Mein Freund Jürgen hat mal wieder was beizutragen – unser Weltbild betreffend. Oder besser gesagt: Das Seitenverhältnis unseres Weltbilds. Trotzdem bleibt er in vernünftigen Grenzen, denn total verzerrte Weltbilder sind ja zur Zeit en vogue. Dabei könnte Trump gerade dieses Format so gut gebrauchen. Ich will es ihm mal in seinen eigenen Worten erklären, wie die europäischen Late-Night-Shows (hoffentlich liest ihm das hier jemand vor):
Hey Donald, the 2,39 : 1 -Format is absolutely great! You can use it to show National Mall on Inauguration-day, lots of people in it, it leaves the empty parts totally out! You’re gonna love it! No fake news anymore, it’s fantastic! Or walls! If you’re into walls, it’s an amazing format, right? Shows great sections of the wall without anything behind it, especially Mexico! Check it out! It totally rocks! It’s terrific! Or was it terrifying, I wonder? Anyway, it’s all the same to you, I guess.
(Und ich hoffe, er und sein Stab von angry, old, white men merkt nicht so schnell, dass wir alle mit arabischen Zahlen rechnen!)
Jürgen hat nach langem Zögern jetzt eine neue (öffentliche) Webseite mit Inhalten gefüllt, es lohnt sich, da mal ein wenig zu stöbern. Seine bevorzugte Kamera ist die Fuji X-E2, darum Fuji Freunde, aufgemerkt! Den aktuellen Artikel von dort habe ich hier übernommen:
Eine Sache von Format
Unsere Bilder haben ein Verhältnis – und darüber sollten wir mal reden!
Bilder haben natürlich ein anderes Verhältnis als Menschen untereinander.

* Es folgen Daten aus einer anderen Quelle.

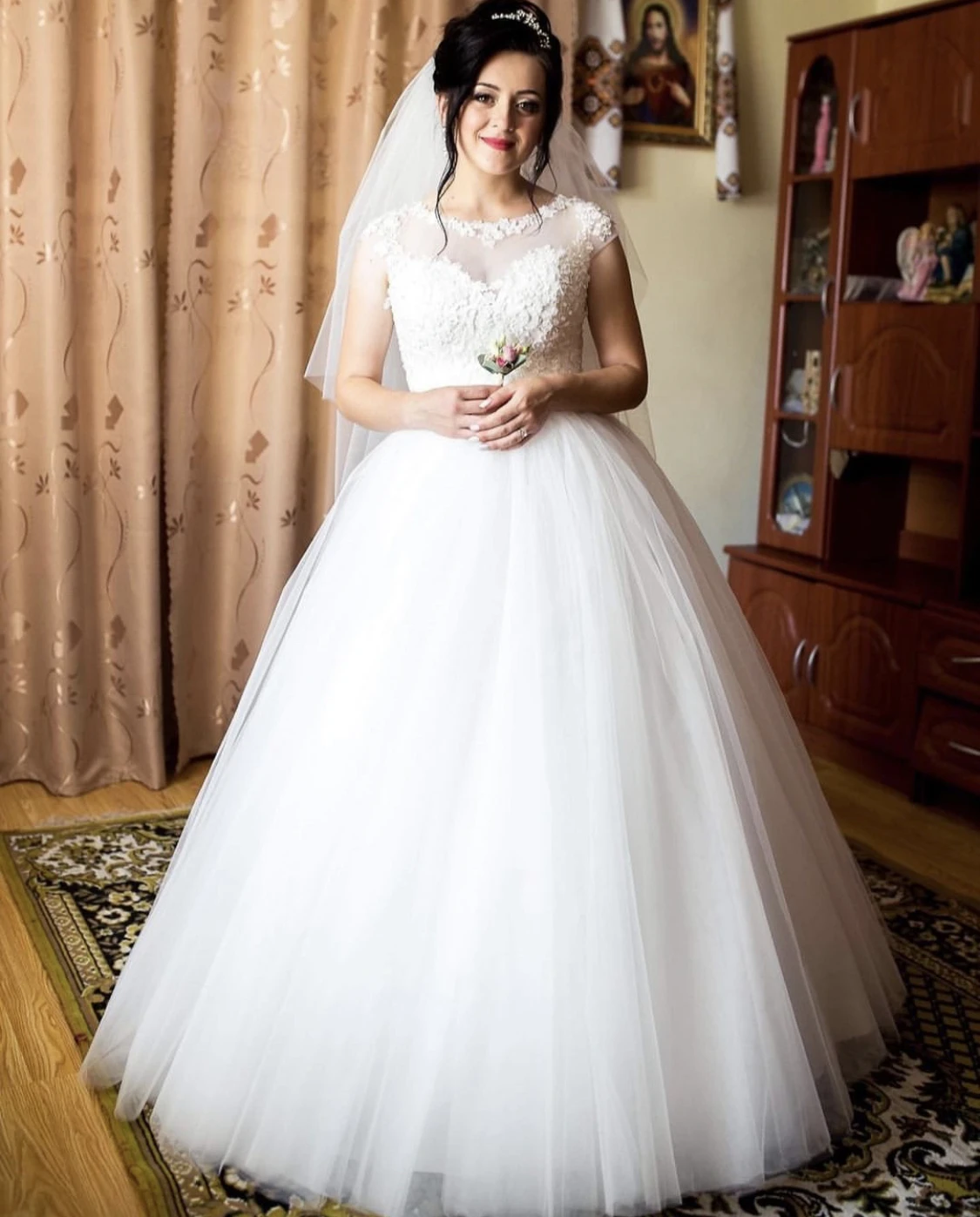 Robe de mariée à col rond avec mancherons, appliques en dentelle, paillettes, tulle, bouton dans le dos, train de balayage, robe de patients, jeu éducatif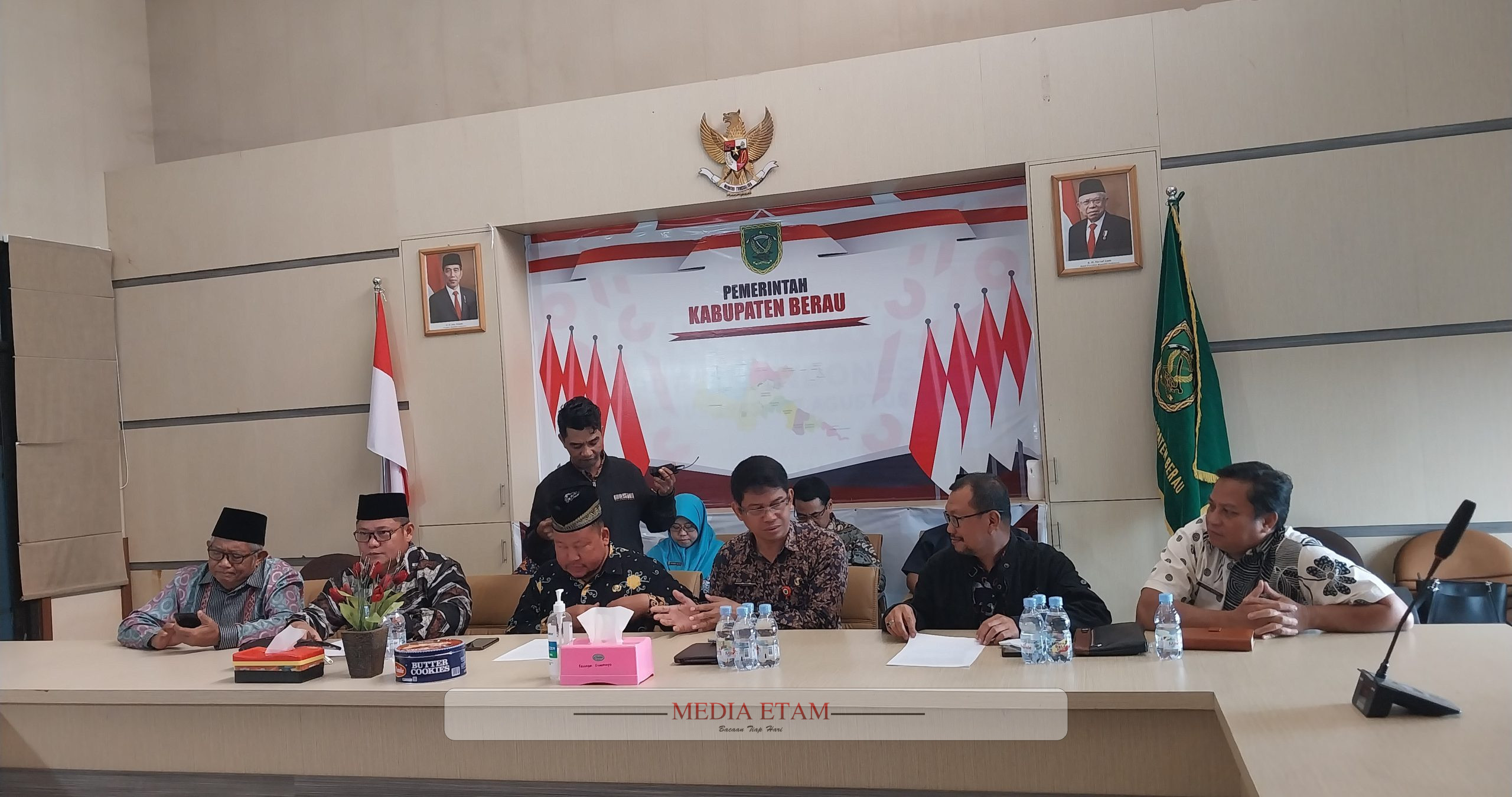 Pemkab Berau dalam hal ini (depan dari kiri ke kanan) Ketua Pengurus Masjid Baitul Hikmah, MUI Berau, Kemenag Berau, PHBI Berau, Diskominfo Berau, dan, Bagaian Hukum dan Perundang-undangan Berau; saat memberikan konferensi pers terkait klarifikasi atas video sambutan Bupati Berau yang viral di media sosial. [Elton Wada / Mediaetam.com]
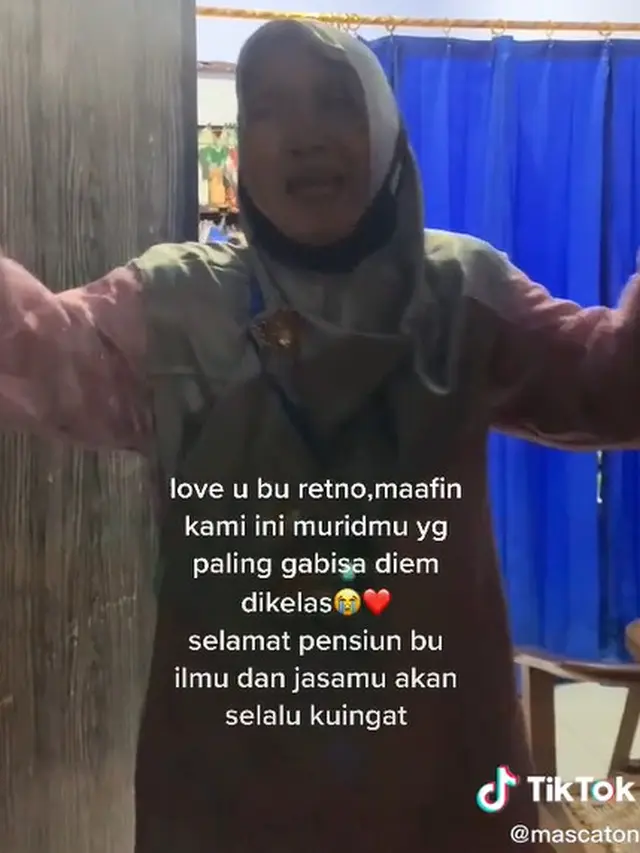 Viral Bu Guru Ini Didatangi Muridnya Saat Lulusan, Kadonya Bikin Haru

Das reicht von 1:1 über 3:4, 2:3 oder jeder erdenklichen Konstellation bis – ja meistens bis 16:9. Hier ist in der Regel Schluss!
Die Ursache liegt lang zurück, denn früher war alles anders, aber nicht unbedingt besser. Gerade bei der Ausbelichtung von Papierbildern setzten die Labore meist ein paar Standardgrenzen. Und wenn man ein überlanges Format haben wollte, so musste man oft nach Fertigstellung mit tränenden Augen wertvolles Material an den Längsseiten wegschneiden und hielt nur noch einen kleinen schmalen Lappen in den Händen. Viel zu schade!
Bilder werden aber heute gern anders betrachtet – auf Smartphones, Tablets und größeren Flachbildschirmen. Dazu kommt, dass sie häufig in umliegende Informationen oder Text eingebettet werden – wie in diesem Blog. Das hat aber Folgen und in diesem Fall auch neue Freiheiten! Man kann die Verhältnisse neu ordnen. Ein Format sticht dabei ganz groß heraus: 2,39 : 1 (richtig gelesen! Zwei-komma-drei-neun zu eins). Bekannt ist es auch unter CinemaScope – einer geschütze Marke der 20th Century Fox.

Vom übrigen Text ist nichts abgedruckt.